O Juiz (o diretor), fez a a pergunta de praxe:
    • O distinto corpo de jurados chegou a uma conclusão:
    • Chegamos, meritíssimo.
Aristides estendeu a folha para o Juiz, que a leu pausadamente, um tando contrafeito:
    • O réu foi absolvido. Cinco votos a favor, um contra e uma abstenção.
Ouve um grande silêncio. Era óbvio que o réu não contava com a simpatia dos presentes. Mas, certamente, havia, pelo menos no momento, ao lado de Agostinho, outros cinco “rebeldes”. Ainda bem que se achavam escondidos sobre o véu do “voto secreto”.


Era preciso, porém, executar Judas para que a brincadeira do enforcamento e apedrejamento pudessem ser realizadas.

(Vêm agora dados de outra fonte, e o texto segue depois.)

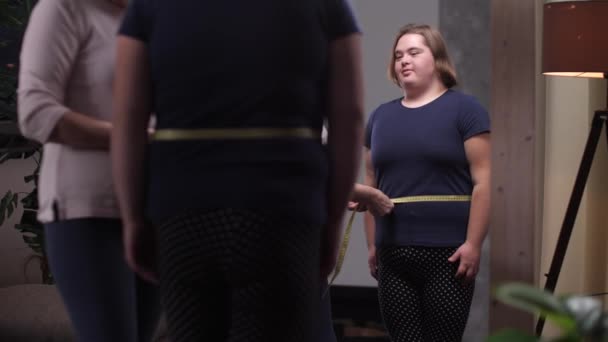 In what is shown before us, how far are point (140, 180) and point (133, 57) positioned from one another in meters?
0.16

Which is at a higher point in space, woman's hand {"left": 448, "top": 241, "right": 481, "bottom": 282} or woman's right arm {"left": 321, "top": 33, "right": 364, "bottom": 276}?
woman's right arm {"left": 321, "top": 33, "right": 364, "bottom": 276}

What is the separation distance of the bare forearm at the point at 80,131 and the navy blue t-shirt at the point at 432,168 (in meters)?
1.46

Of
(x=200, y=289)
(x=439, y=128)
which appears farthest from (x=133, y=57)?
(x=439, y=128)

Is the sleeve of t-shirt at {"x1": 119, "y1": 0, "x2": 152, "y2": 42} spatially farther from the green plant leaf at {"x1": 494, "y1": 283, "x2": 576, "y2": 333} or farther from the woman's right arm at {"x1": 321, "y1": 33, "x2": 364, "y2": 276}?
the green plant leaf at {"x1": 494, "y1": 283, "x2": 576, "y2": 333}

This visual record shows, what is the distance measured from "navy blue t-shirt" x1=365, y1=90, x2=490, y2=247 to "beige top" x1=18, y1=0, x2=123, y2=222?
1.42 metres

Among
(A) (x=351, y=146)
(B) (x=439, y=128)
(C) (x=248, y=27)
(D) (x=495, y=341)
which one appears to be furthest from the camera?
(B) (x=439, y=128)

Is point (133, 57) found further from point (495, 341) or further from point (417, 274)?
point (417, 274)

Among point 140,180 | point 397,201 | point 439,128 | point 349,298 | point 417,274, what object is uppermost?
point 140,180

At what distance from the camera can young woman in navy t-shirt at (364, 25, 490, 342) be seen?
106 inches

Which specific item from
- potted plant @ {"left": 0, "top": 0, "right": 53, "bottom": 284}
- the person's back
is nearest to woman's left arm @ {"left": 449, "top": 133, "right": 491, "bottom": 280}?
the person's back

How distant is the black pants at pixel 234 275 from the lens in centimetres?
Result: 116

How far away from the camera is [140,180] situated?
4.12ft

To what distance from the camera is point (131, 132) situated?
1.23 meters

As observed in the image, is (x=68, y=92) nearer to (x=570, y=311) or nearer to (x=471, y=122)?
(x=570, y=311) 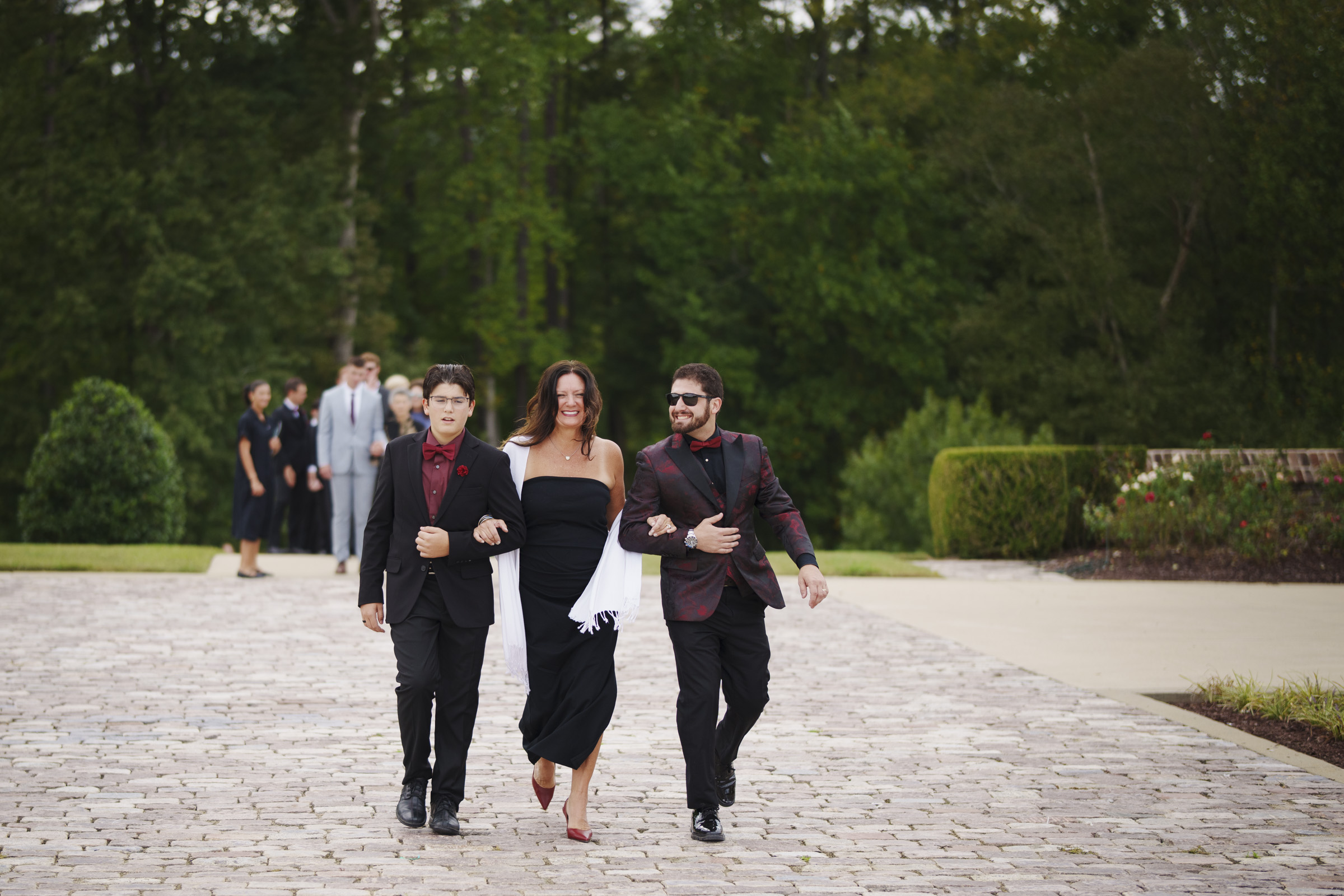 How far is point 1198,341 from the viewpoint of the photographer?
31688 millimetres

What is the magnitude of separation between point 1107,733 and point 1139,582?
8.06 metres

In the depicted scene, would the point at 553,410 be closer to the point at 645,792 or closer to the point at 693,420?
the point at 693,420

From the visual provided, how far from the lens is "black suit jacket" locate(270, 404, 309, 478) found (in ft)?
51.4

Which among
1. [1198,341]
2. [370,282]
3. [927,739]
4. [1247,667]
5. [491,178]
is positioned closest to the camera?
[927,739]

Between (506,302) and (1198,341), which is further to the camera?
(506,302)

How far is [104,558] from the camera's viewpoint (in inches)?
639

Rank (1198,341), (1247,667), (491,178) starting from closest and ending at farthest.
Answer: (1247,667) → (1198,341) → (491,178)

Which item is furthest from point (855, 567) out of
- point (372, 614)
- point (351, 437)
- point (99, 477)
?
point (372, 614)

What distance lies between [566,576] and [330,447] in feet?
28.2

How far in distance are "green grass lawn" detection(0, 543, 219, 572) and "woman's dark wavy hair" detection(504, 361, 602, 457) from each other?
35.2ft

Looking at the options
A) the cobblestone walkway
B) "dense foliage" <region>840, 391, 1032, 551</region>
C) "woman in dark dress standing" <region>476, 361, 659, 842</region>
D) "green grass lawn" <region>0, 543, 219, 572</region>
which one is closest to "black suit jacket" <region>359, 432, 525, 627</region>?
"woman in dark dress standing" <region>476, 361, 659, 842</region>

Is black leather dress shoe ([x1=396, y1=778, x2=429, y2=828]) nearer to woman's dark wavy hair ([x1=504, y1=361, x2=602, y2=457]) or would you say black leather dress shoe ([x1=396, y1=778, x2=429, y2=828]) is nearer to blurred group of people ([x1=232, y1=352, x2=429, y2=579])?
woman's dark wavy hair ([x1=504, y1=361, x2=602, y2=457])

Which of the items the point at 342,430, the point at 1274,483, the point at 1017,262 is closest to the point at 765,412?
the point at 1017,262

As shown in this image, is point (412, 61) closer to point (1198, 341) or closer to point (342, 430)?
point (1198, 341) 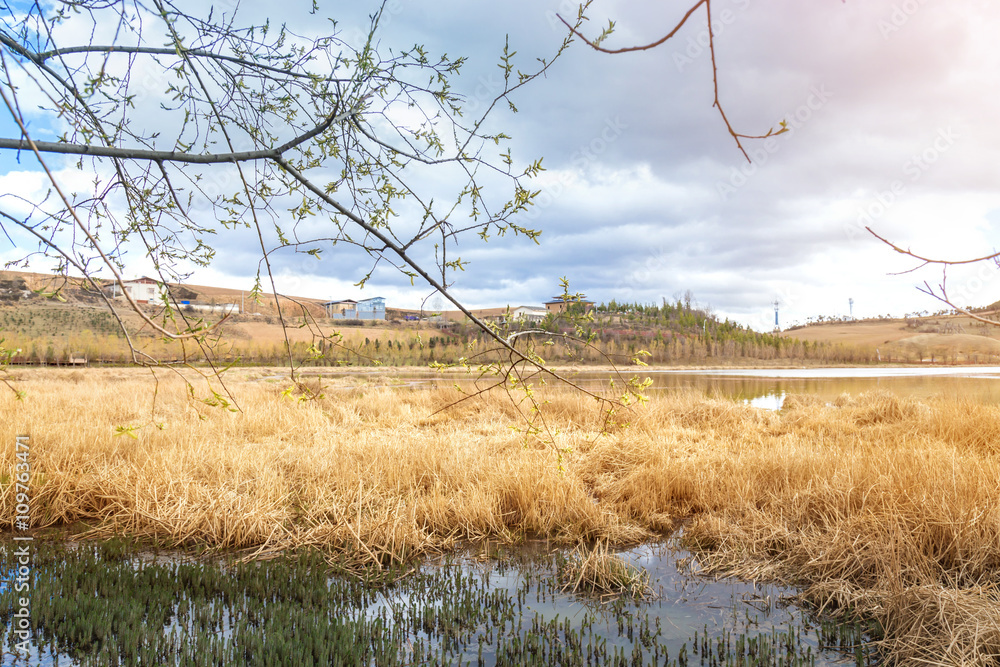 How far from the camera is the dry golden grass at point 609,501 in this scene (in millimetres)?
4113

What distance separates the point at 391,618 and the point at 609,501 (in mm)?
3315

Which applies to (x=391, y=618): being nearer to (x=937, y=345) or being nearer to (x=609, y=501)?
(x=609, y=501)

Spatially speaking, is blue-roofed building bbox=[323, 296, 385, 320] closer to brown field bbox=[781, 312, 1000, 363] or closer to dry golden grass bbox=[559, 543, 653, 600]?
dry golden grass bbox=[559, 543, 653, 600]

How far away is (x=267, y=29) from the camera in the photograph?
327cm

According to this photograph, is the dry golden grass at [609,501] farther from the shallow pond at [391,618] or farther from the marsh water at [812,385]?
the marsh water at [812,385]

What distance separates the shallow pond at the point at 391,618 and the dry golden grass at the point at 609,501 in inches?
16.7

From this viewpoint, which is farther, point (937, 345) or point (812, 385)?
point (937, 345)

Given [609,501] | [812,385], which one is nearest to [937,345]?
[812,385]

O Diretor levantou-se afinal, e, um tanto sem jeito, pigarreou:
- Cristo, sendo inocente, foi condenado. Cristãos inocentes em todas as épocas foram condenados. Há aqui, uma situação simbólica, não real. Ante a primorosa performance de seu Advogado, absolvemos Judas. Condenemos, porém, o Boneco, esse sim, irremediavelmente predestinado a ser condenado, pois “o espetáculo não pode parar”.

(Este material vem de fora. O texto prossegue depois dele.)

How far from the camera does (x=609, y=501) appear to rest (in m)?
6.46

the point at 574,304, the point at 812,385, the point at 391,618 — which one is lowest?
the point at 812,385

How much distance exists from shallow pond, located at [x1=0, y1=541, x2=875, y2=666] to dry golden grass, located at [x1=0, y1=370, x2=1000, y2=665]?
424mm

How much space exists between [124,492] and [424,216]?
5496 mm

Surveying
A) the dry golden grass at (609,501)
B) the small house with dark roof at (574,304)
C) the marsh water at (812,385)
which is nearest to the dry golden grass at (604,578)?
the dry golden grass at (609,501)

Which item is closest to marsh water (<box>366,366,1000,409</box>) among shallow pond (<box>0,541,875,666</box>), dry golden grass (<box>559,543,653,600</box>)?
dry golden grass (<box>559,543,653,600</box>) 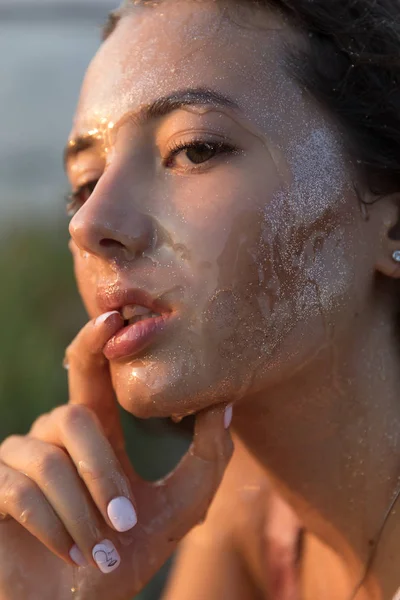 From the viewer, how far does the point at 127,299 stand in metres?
1.13

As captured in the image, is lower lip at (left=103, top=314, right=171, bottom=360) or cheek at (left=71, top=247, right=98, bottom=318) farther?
cheek at (left=71, top=247, right=98, bottom=318)

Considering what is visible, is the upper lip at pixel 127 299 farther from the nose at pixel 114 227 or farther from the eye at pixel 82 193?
the eye at pixel 82 193

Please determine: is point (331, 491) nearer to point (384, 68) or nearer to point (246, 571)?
point (246, 571)

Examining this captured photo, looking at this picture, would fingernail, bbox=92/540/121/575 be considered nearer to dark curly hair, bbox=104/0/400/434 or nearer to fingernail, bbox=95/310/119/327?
fingernail, bbox=95/310/119/327

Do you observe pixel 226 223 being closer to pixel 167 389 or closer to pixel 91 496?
pixel 167 389

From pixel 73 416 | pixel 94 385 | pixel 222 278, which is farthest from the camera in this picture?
pixel 94 385

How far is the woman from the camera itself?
1.12m

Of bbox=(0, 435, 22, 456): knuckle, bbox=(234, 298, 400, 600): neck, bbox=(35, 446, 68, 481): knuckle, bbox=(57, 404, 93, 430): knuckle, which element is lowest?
bbox=(234, 298, 400, 600): neck

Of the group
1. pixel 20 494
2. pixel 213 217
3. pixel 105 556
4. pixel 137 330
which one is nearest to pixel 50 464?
pixel 20 494

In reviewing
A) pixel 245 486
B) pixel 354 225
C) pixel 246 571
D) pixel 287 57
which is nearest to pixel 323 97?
pixel 287 57

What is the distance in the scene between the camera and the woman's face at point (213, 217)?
111 cm

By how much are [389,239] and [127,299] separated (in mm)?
517

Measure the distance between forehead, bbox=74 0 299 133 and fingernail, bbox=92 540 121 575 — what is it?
0.76 meters

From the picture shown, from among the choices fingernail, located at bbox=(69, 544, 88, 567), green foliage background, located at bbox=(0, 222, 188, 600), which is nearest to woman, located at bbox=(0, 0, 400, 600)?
fingernail, located at bbox=(69, 544, 88, 567)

    • Ao enforcamento e ao apedrejamento!
    • Ao enforcamento e ao apedrejamento, gritaram todos, correndo atrás das pedras.
Sebastião, o das “galinhas bastianais”, postara-se muito compenetrado, ao lado da forca, com a corda nas mãos, aguardando o sinal, nem um pouquinho encabulado com a missão de carrasco. Certamente veio-lhe a mente a referência feita por Tinho, o Advogado de Judas, ao citar João 13:27: “quod facis fac citius“ (“O que pretendes fazer, faze-o depressa”).

E assim, pela primeira vez, após anos de encenação da peça “O Julgamento de Judas”, ele foi absolvido. Porém seu boneco, porque necessário, foi condenado, pois, como dissera o Diretor, fora para isto, “irremediavelmente predestinado”.